The Lagos State Chamber of Commerce and Industry (LCCI) has called on policymakers, to expeditiously develop a framework that would ensure the country has a well-diversified revenue base, given the volatilities of crude oil price.
Mrs. Toki Mabogunje, President, LCCI, while addressing journalists at the first edition of the chamber’s quarterly news conference in Lagos, also predicted a return to a positive growth path for the Nigerian economy in the second quarter of 2021.
She said, the projection was subject to the absence of major economic shocks, while the projected recovery was expected to be subdued within the region of one per cent.
“Projections by the World Bank and the International Monetary Fund put Nigeria’s annual average growth for year 2021 at 1.1 per cent and 1.5 per cent, respectively.
“Expectation of slow growth momentum reflects the lingering effects of the pandemic on the Nigerian economy and prospects of stricter containment measures considering the new strain of COVID-19 pandemic.

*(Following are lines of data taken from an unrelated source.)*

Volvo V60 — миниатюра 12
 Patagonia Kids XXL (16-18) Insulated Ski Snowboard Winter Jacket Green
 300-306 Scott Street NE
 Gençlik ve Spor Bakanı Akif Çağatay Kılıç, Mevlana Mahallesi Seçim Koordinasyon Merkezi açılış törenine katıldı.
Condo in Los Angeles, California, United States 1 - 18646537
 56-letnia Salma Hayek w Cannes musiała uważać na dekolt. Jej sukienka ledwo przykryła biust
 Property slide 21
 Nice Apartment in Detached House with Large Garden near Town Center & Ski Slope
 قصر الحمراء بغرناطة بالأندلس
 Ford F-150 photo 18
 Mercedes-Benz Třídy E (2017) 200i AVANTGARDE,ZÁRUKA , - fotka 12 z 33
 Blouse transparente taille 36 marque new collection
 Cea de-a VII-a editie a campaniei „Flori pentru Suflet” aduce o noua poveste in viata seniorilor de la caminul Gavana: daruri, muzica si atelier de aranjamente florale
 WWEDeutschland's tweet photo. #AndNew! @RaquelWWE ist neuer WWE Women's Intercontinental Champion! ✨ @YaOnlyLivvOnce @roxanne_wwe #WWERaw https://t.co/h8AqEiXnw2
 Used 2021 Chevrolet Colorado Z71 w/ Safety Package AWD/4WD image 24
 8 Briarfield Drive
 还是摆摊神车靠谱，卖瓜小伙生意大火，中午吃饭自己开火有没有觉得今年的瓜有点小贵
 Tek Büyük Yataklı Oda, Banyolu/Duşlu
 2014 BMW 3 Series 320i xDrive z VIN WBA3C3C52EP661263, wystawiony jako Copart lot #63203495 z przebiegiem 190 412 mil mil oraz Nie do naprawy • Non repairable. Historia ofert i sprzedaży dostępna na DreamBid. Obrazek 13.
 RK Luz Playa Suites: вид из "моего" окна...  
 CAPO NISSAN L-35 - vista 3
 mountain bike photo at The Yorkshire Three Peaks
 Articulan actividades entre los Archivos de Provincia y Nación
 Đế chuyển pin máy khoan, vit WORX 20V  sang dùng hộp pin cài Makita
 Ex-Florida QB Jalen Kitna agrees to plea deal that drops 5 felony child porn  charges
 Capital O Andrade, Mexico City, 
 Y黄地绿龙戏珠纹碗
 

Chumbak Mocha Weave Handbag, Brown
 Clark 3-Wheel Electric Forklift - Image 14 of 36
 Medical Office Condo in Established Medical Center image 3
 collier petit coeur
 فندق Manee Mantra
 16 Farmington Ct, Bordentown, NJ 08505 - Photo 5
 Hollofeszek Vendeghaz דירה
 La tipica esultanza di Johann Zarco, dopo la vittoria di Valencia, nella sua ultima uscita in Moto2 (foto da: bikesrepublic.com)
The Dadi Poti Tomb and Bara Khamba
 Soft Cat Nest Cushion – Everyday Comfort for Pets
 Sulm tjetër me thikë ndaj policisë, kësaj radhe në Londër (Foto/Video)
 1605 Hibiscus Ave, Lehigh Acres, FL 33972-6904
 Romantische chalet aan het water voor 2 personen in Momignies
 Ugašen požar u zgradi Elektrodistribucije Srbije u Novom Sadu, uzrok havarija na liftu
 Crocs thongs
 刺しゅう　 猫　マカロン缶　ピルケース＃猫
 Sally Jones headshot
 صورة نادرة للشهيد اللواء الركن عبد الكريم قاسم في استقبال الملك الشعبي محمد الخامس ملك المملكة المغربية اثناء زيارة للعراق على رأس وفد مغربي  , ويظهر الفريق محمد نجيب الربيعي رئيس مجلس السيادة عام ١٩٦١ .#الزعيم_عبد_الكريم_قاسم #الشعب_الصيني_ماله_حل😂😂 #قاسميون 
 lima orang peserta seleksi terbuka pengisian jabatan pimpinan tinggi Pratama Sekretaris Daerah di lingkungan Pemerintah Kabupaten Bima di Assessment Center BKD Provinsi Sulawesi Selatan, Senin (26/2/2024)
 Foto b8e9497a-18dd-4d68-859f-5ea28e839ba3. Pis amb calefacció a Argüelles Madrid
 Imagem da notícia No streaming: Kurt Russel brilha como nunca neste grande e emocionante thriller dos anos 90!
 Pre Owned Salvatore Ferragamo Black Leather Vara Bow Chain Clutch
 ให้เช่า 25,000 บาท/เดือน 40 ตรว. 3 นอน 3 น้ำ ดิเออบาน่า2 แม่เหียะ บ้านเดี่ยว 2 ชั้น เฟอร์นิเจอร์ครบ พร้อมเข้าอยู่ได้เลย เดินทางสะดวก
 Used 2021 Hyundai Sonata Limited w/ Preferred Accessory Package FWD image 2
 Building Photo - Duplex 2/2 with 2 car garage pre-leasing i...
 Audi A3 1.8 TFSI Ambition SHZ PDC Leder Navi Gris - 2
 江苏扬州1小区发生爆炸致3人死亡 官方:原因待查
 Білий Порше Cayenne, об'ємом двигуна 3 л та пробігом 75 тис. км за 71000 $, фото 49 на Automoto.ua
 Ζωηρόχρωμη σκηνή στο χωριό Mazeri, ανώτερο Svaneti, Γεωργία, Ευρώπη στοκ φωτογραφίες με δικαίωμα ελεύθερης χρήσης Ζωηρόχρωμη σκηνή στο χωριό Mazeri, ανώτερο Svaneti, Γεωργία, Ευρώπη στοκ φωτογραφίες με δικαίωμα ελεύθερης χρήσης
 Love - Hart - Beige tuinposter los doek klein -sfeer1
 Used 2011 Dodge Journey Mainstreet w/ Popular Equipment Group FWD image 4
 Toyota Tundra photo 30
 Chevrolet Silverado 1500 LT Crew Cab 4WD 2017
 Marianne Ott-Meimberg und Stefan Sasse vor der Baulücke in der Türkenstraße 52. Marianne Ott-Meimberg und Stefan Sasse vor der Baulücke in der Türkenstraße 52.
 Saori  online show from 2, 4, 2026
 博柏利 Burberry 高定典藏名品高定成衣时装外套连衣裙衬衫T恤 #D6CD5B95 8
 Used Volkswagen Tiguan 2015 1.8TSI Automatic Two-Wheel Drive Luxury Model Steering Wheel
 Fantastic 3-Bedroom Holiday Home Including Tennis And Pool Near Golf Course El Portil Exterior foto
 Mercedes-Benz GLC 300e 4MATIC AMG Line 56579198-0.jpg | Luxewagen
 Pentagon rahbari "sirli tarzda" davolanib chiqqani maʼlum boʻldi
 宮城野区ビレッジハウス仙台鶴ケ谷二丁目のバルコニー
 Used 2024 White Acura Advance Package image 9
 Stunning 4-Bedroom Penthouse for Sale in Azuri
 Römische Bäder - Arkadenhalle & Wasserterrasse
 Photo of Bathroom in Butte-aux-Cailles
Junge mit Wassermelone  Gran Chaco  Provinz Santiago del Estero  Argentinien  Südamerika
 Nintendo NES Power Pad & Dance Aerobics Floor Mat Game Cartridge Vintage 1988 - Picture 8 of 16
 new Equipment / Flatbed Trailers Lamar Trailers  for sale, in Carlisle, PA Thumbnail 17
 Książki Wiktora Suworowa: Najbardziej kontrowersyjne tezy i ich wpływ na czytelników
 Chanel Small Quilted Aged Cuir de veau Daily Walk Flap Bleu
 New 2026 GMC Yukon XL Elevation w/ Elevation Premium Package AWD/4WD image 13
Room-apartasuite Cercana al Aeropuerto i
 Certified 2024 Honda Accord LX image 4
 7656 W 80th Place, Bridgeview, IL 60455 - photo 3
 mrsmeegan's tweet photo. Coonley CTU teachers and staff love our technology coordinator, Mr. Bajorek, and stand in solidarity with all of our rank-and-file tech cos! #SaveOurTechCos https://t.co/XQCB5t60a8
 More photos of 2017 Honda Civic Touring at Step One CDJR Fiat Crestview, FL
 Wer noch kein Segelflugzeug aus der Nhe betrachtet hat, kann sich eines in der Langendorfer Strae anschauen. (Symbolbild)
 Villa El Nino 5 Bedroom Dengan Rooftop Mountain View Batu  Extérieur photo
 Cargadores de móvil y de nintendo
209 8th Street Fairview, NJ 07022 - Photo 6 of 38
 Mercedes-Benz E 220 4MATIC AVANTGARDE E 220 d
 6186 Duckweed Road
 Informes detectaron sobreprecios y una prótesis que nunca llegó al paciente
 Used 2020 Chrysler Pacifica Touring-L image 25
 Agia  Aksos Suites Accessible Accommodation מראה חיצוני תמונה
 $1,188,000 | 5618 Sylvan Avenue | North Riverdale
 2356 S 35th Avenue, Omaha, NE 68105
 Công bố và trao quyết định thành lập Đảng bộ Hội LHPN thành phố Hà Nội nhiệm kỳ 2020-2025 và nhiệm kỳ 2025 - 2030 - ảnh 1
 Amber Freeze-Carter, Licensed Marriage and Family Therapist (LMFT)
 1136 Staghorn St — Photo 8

“In the absence of major shocks, the Lagos Chamber expects the economy to return to positive growth path in the second quarter of year 2021 albeit the pace of recovery is expected to be subdued within the region of one per cent,” she said.
Mabogunje hinged the country’s recovery prospects in year 2021 on the local and global effective management of the pandemic, widespread vaccine rollout, direction of global oil market and the quality of fiscal, monetary, trade and regulatory policies.
She said that strong commitment to key reforms would not only boost output recovery but would also put the nation on a path of macroeconomic stability.
For economic and business sustainability in 2021, the LCCI President advised businesses to maintain a flexible operational structure by embracing technology to adapt to changing market dynamics.
She also brought to the fore the need for business owners to effectively communicate continuity measures with key stakeholders.
This, she said, would help to responsibly manage diverse expectations from employees, suppliers, customers, and partners.
Mabogunje also advocated the imperative of self-reliance with respect to food security, drug security and energy security.
“Corporate entities must constantly review their operating models to identify activities that can be discontinued during this COVID-19 period in order to reduce operating costs and support margin.
“Deepening efforts to improve and sustain investment in human capital development, particularly education and health infrastructure, is crucial.
“Also, a review of the foreign exchange management framework to expand the scope of market mechanism in the determination of the exchange rate must be done.
“The unification of the exchange rates should be prioritised. This is imperative for expediting recovery and bolstering investor confidence,” she said.